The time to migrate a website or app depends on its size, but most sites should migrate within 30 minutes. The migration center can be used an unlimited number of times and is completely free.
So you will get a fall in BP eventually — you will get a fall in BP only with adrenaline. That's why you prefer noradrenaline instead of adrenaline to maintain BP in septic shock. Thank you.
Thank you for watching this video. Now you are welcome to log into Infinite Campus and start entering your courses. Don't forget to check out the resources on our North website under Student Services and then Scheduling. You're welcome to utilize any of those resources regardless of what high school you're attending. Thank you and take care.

# # # # #

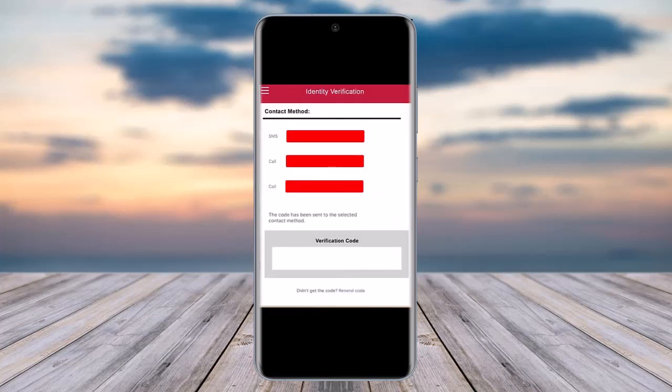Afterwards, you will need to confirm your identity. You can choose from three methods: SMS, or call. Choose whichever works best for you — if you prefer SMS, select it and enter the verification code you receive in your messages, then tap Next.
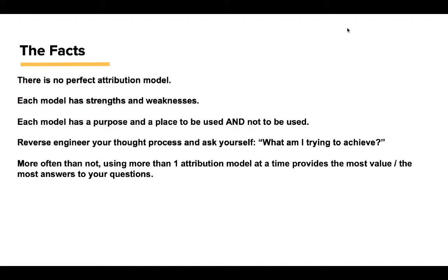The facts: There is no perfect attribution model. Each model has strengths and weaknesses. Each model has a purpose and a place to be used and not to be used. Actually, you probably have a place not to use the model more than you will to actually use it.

# # # # #

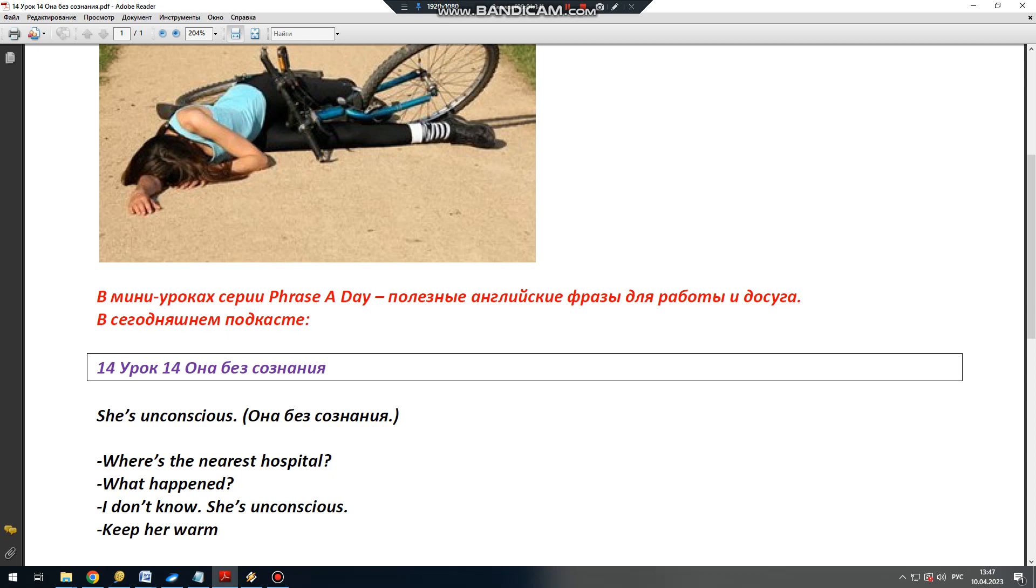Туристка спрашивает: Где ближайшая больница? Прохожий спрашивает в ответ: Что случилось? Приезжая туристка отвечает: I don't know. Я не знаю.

# # # # #

#### [EXERCISE DIRECTIONS]
What you give back should be only the lines of the records above, starting at the line with "The time to" and ending at the line with "So you will", restated word for word.

#### [ANSWER SECTION]
The time to migrate a website or app depends on its size, but most sites should migrate within 30 minutes. The migration center can be used an unlimited number of times and is completely free.
So you will get a fall in BP eventually — you will get a fall in BP only with adrenaline. That's why you prefer noradrenaline instead of adrenaline to maintain BP in septic shock. Thank you.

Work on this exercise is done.